## TRY IT
Beginning at the line that contains "Подвесной светильник Ideal Lux 327839" and finishing at the line that contains "Bmw - 5-serie", output the data below exactly. Include both end lines and no pictures.

## INPUT RECORDS
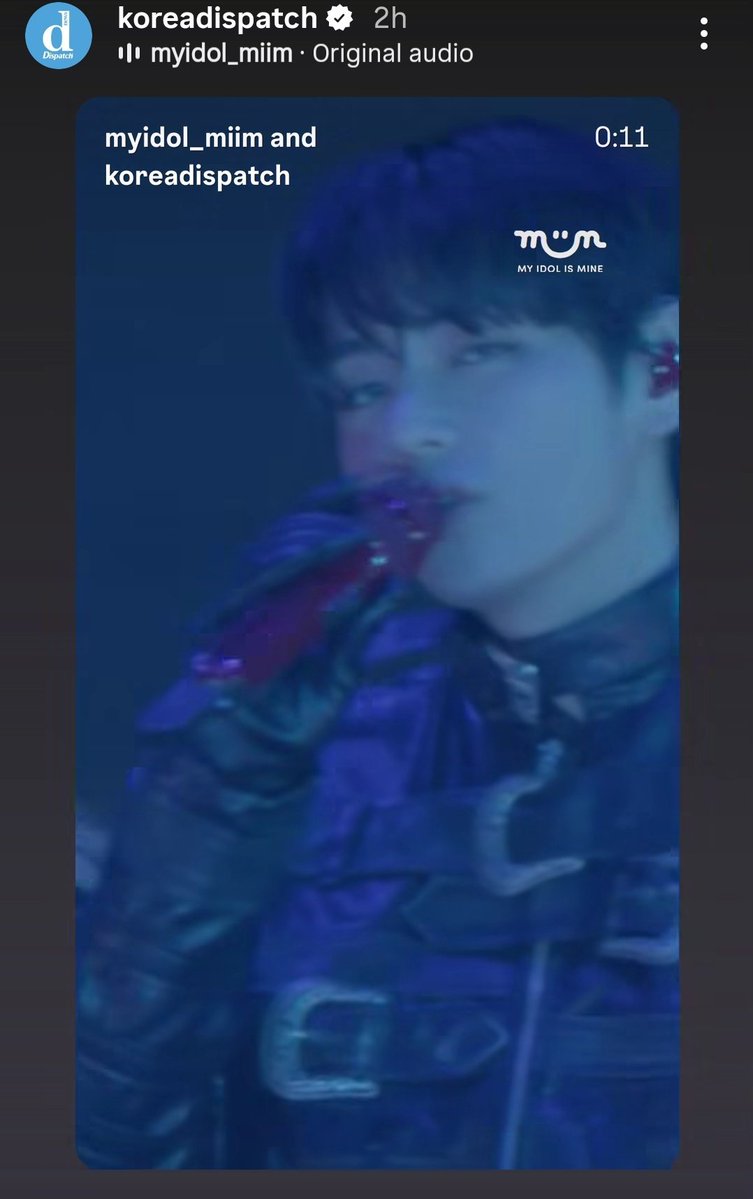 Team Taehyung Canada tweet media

---

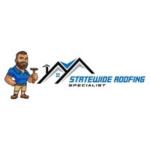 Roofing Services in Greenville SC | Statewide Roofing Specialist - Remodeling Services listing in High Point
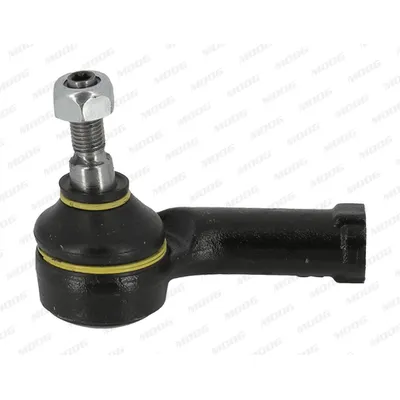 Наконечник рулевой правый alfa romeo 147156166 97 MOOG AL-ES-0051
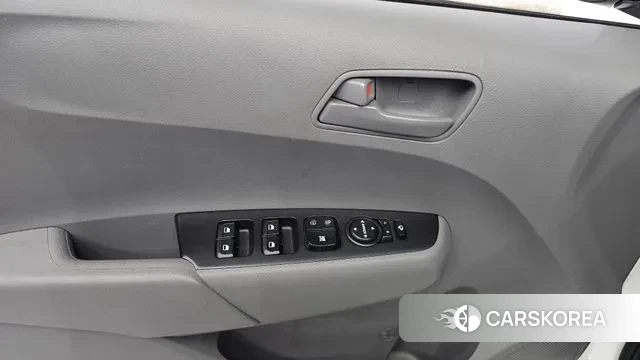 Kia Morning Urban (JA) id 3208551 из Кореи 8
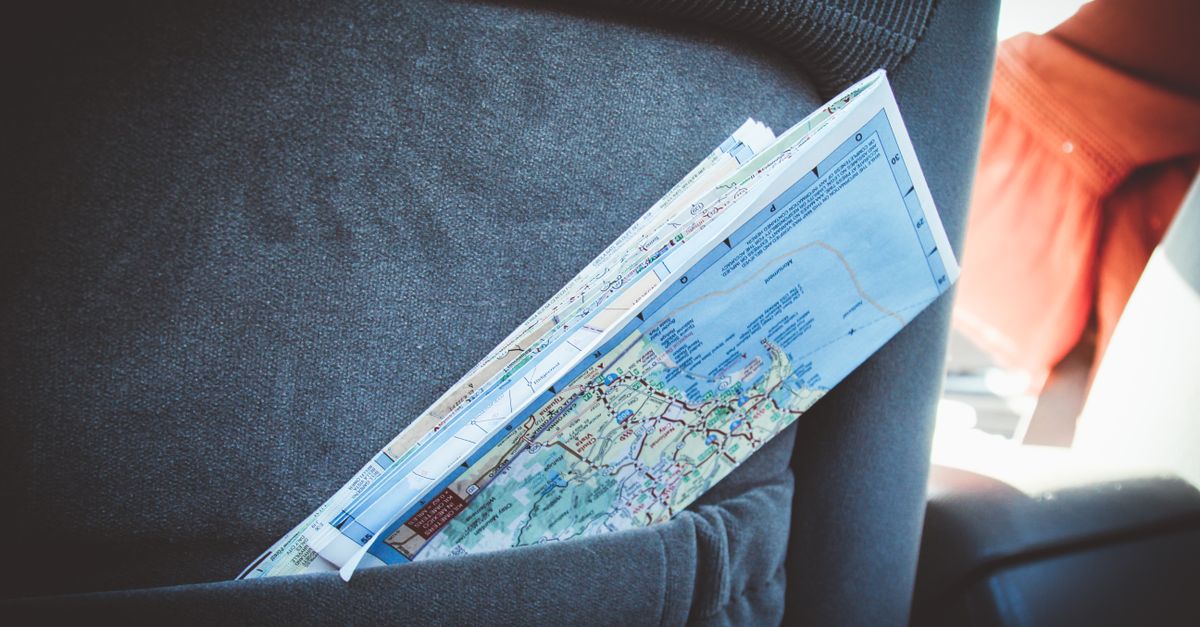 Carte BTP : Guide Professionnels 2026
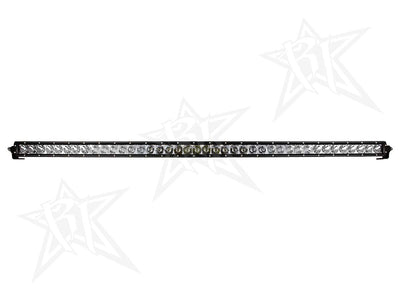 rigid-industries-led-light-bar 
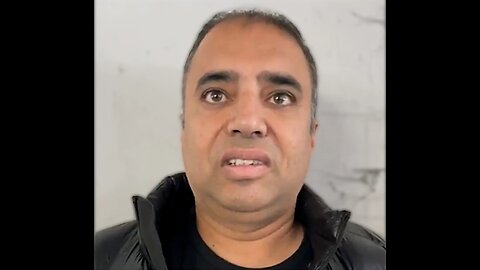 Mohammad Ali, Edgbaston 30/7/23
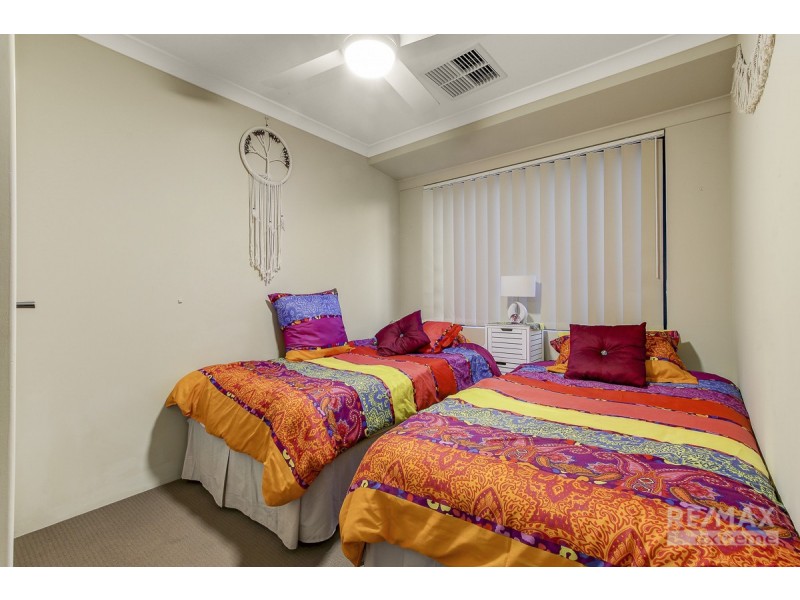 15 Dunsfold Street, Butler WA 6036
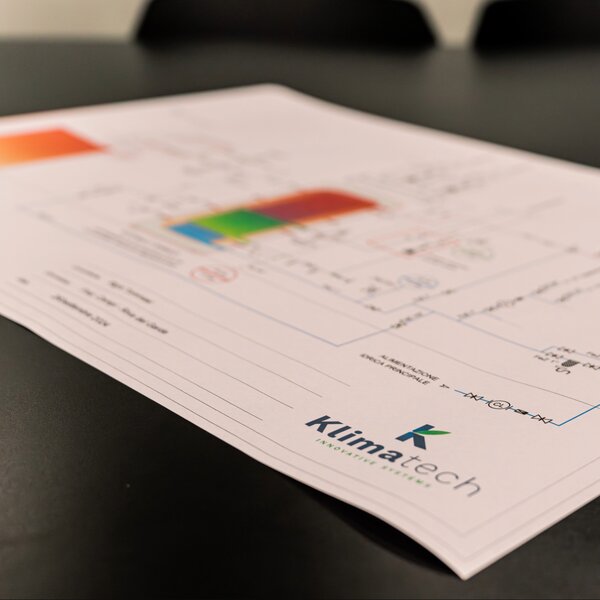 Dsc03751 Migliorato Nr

* * *

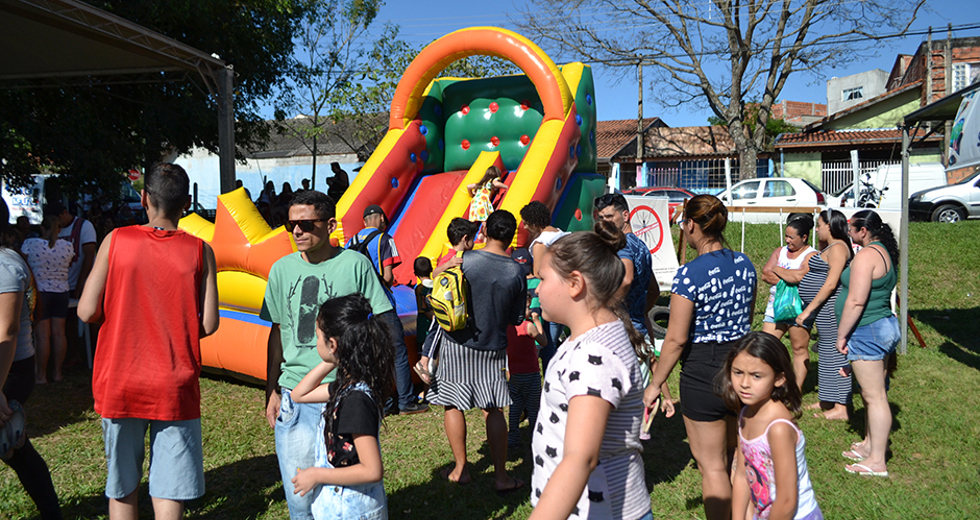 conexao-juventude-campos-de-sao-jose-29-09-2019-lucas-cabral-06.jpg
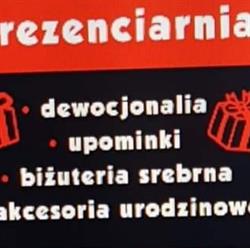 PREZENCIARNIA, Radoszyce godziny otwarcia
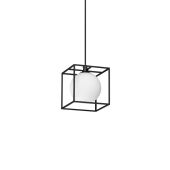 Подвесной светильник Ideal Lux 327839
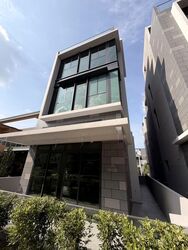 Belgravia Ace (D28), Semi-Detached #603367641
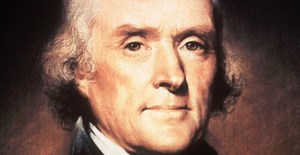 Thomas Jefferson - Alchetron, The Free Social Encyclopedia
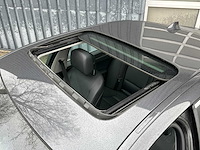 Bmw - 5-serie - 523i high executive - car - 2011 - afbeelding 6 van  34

## EXERCISE RESULT
 Подвесной светильник Ideal Lux 327839
 Belgravia Ace (D28), Semi-Detached #603367641
 Thomas Jefferson - Alchetron, The Free Social Encyclopedia
 Bmw - 5-serie - 523i high executive - car - 2011 - afbeelding 6 van  34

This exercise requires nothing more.